As part of the deal, MySpace will spin out its popular MySpace Music service as an independent joint venture in partnership with Universal Music, Sony BMG and Warner Music Group. EMI, the fourth major label, is not a part of the deal at this time, but people involved in the negotiations said it would probably join soon. The music companies will own minority stakes in the venture and will make their entire music catalogs available.
Chris DeWolfe, chief executive of MySpace, a division of News Corporation, described the new service, which will be introduced later this year, as a one-stop source for all music, in all its various digital incarnations.
Visitors to the site will be able to listen to free streaming music, paid for with advertising, and share customized playlists with their friends. They will also be able to download tracks to play on their mobile devices, putting the new site in competition with similar services like Apple, Amazon and eMusic.
A subscription-based music component, where users pay a monthly amount for unlimited access to downloadable tracks, is also being considered, Mr. DeWolfe said.
“This is really a mega-music experience that is transformative in a lot of ways,” he said. “It’s the first service that offers a full catalog of music to be streamed for free, with full community features, to be shared with all of your friends.”
Additional products like tickets, T-shirts, ring tones and other music merchandise will also be available. “It’s the full 360-degree revenue stream,” Mr. DeWolfe said.
Exact terms of the deal and details about the new site, like prices for downloaded music tracks, were not disclosed. But MySpace did say the site would offer songs free of digital rights management software or D.R.M., which is used to prevent illicit copying but can create technical hurdles for buyers. The songs would be playable on any portable music device, including Apple’s iPod.
The new venture will be run by an executive team that will report to a board s made up of representatives from MySpace and the major music companies.
An analyst at Pali Capital, Rich Greenfield, said MySpace was offering a big opportunity to the music companies.
“They have a huge community that wants to talk, share and learn about music,” he said. “Nobody else has that. There is music discovery happening on MySpace that is far deeper and broader than what’s going on on iTunes.”

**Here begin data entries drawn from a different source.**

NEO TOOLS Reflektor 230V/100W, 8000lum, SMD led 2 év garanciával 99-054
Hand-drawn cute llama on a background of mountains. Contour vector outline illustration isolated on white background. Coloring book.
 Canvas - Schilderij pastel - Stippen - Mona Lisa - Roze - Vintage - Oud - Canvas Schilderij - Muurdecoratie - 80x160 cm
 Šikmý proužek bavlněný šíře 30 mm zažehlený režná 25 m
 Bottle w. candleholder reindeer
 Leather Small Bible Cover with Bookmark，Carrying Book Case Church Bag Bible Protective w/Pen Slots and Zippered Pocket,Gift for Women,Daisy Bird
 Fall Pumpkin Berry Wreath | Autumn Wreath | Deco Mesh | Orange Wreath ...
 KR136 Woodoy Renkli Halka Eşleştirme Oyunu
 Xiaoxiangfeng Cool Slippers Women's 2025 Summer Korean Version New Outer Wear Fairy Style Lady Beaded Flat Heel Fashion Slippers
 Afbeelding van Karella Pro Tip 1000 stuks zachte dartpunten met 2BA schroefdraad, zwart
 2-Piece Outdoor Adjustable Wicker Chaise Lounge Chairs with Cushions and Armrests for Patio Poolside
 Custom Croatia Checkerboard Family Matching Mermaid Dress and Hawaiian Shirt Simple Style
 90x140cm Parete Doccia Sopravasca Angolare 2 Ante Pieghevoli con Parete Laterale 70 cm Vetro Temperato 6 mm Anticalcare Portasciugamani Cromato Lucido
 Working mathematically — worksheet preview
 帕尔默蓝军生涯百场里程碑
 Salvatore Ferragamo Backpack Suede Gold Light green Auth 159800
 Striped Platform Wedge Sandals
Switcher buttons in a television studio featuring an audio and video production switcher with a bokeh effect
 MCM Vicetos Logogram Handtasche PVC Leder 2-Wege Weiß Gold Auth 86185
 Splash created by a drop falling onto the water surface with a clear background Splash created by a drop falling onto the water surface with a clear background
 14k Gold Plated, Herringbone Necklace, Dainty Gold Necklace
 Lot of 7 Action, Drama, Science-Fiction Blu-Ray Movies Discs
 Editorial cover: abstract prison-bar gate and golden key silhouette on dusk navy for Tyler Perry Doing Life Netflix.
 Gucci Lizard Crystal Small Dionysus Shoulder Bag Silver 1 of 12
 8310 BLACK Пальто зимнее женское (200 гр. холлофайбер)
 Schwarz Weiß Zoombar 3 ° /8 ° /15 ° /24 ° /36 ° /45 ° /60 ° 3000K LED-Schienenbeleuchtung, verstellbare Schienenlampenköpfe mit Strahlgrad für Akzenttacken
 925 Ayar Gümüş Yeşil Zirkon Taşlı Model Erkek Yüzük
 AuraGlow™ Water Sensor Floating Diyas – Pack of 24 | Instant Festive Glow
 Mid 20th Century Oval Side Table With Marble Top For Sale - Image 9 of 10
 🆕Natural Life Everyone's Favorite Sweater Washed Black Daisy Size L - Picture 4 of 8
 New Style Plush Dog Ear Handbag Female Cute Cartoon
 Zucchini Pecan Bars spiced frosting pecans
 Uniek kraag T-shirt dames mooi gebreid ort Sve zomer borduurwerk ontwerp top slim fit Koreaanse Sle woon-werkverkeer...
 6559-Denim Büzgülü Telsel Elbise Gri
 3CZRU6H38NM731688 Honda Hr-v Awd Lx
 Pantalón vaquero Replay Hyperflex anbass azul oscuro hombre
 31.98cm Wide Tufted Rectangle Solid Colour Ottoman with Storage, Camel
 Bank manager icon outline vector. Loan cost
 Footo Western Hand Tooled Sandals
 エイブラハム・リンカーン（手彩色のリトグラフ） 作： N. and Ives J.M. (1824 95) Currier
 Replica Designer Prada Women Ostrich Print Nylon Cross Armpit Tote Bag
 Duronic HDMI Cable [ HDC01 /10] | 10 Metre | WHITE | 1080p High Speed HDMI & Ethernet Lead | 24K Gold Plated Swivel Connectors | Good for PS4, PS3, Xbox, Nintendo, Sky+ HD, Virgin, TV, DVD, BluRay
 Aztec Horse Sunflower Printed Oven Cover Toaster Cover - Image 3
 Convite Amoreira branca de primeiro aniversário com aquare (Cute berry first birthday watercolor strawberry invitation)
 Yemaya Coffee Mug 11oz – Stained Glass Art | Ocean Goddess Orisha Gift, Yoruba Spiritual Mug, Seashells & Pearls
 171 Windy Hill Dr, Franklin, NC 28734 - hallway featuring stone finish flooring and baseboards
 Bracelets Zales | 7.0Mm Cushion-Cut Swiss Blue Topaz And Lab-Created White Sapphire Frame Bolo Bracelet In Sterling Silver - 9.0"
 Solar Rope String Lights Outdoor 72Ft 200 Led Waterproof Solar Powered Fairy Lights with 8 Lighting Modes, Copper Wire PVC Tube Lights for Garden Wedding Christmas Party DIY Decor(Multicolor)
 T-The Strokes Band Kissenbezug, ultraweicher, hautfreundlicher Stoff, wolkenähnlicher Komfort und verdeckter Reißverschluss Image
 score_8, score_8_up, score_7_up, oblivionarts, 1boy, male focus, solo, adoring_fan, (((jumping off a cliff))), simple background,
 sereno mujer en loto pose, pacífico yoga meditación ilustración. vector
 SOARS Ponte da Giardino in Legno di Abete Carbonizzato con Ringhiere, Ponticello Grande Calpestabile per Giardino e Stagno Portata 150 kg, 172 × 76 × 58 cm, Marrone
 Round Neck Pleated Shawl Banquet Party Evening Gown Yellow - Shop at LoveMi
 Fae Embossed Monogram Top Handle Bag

But first MySpace will have to prove that it can actually sell music. Though the company earns $70 million a month in advertising for the News Corporation, according to estimates by Pali Capital, it has never successfully sold products on a wide scale. A download service for independent music, began in 2006 with Snocap, a music start-up, was considered a disappointment.
For the music industry, the deal is partly born of desperation. In the face of widespread, escalating online piracy, music sales dropped to $11.5 billion in 2006 from a peak in 1999 of nearly $15 billion.
That has forced the industry into a new age of experimentation. Last year, all four major record labels backed Amazon’s nascent MP3 music store, partly in an effort to counterbalance Apple’s strength in the market for music downloads. The music companies say Apple now has too much control over the distribution and pricing of digital music.
The industry is seeking revenue that does not come directly from its customers — like the ad-supported element of the MySpace service. Along those same lines, music executives have recently raised more draconian ideas, like surcharges on the sales of iPods and Internet access to compensate for rampant file sharing. The moves have been met with widespread resistance.